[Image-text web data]
_ _ _
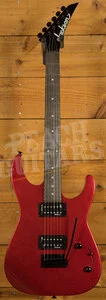 Jackson JS Series Dinky JS11 | Amaranth - Metallic Red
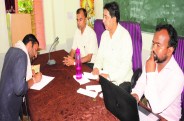 अभिभावकों ने अब तक जमा नहीं किए हैं दस्तावेज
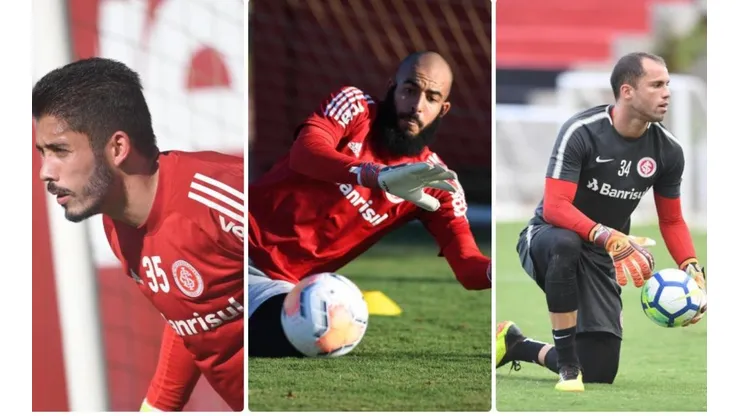 Montagem/Fotos: Ricardo Duarte/Internacional
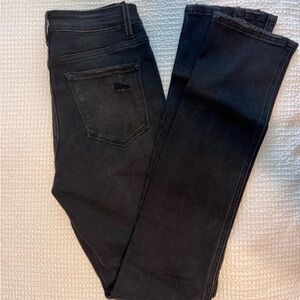 Flying Monkey High Rise Slim Straight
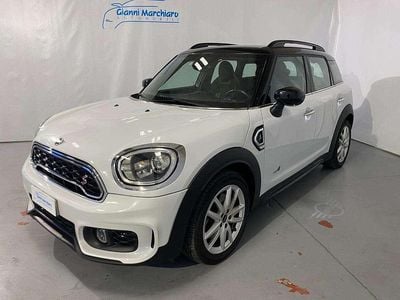 Bianco Usata 2020 Mini Cooper SD Countryman SUV | 25.500 € (Buon prezzo)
_ _ _
_YOUR INSTRUCTIONS_
Only the lines from the one with "Flying Monkey High Rise Slim Straight" through the last line above belong in the answer. Reproduce them exactly, without the pictures.

_REPLY TO THE TASK_
 Flying Monkey High Rise Slim Straight
 Bianco Usata 2020 Mini Cooper SD Countryman SUV | 25.500 € (Buon prezzo)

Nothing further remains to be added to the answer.